Among the entries below, how many lines hold "space"? Reply with the number only.
*** DATASET EXTRACT ***
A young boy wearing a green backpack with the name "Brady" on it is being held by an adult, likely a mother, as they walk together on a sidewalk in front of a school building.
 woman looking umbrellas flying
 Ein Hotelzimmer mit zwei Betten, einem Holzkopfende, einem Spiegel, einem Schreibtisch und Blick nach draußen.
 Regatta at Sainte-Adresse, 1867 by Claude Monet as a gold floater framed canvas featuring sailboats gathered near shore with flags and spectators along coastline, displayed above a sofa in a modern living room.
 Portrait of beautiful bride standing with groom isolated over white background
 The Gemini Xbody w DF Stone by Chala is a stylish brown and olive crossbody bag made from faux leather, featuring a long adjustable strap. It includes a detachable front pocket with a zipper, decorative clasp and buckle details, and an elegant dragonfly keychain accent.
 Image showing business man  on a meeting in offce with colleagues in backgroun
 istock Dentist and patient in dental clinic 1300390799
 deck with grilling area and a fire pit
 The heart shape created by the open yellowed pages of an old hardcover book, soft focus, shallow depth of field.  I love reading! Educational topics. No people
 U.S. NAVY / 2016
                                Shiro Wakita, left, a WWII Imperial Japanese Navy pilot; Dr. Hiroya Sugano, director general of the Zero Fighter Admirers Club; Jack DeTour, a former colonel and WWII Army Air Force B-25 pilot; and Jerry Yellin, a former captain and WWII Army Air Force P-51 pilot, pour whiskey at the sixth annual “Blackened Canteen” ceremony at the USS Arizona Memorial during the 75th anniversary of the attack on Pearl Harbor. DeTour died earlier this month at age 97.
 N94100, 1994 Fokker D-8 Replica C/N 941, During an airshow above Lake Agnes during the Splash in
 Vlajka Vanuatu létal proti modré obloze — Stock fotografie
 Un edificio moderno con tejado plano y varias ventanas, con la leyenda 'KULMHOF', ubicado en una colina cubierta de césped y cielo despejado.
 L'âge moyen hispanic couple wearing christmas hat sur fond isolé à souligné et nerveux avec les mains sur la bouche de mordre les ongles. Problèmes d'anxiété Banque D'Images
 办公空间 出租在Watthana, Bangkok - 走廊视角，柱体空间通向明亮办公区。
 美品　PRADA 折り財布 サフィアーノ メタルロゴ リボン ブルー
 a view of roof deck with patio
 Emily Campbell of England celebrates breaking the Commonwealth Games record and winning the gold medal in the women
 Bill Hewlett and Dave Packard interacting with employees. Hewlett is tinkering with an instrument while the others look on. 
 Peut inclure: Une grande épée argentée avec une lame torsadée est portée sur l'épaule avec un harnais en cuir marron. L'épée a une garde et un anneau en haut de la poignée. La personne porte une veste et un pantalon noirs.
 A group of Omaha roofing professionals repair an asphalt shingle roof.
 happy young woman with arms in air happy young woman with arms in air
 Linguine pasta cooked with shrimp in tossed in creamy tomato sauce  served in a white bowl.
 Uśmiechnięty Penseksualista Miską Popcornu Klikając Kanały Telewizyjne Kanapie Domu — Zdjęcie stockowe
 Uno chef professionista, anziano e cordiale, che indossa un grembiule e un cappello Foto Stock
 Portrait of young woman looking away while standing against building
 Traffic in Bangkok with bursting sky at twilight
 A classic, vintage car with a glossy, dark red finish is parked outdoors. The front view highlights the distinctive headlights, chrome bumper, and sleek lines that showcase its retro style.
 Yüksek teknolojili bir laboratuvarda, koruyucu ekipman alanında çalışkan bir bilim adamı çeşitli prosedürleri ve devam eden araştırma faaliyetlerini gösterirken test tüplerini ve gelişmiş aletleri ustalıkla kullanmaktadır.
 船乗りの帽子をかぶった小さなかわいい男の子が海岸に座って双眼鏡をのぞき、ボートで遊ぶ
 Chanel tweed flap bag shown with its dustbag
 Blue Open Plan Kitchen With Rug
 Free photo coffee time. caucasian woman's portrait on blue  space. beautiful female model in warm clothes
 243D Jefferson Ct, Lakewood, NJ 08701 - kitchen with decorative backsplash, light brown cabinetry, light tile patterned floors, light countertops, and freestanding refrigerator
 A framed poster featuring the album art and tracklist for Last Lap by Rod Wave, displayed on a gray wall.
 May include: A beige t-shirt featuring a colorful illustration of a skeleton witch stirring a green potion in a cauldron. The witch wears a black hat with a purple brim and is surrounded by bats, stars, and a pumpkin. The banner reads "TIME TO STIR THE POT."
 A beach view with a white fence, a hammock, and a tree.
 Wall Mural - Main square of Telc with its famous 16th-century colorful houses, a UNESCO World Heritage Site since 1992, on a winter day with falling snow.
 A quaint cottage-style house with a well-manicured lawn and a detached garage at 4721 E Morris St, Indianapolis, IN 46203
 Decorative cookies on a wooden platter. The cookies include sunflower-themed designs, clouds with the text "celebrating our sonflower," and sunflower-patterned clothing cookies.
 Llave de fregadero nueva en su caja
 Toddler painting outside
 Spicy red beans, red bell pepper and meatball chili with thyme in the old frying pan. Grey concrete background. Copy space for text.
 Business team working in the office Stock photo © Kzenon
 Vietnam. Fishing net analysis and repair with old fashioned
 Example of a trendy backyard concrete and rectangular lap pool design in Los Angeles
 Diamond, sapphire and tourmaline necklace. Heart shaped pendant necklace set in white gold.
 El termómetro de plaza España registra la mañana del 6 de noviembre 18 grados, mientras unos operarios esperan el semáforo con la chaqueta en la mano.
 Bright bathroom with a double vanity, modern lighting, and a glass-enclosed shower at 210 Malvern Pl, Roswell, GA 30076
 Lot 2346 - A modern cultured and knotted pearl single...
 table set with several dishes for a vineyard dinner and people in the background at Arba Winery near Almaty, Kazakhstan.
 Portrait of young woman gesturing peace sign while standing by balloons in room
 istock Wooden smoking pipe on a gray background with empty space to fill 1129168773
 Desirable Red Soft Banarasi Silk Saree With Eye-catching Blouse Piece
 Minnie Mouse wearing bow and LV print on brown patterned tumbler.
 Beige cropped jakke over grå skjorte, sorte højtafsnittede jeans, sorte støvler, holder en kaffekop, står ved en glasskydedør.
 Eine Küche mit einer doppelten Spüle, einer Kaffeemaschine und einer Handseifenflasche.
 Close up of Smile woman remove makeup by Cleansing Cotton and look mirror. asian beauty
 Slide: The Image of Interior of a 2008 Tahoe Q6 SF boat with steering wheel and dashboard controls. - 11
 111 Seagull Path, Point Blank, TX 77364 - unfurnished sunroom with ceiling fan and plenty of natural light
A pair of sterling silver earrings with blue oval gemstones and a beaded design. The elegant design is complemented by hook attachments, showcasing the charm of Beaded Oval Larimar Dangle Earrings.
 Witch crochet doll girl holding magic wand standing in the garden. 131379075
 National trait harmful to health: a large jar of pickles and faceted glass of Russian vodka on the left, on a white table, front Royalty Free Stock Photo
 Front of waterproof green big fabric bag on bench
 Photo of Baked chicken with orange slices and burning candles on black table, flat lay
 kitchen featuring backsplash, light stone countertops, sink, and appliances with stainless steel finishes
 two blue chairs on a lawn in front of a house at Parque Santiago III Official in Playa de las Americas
*** End of DATASET EXTRACT ***
# [WRITTEN RESPONSE]
3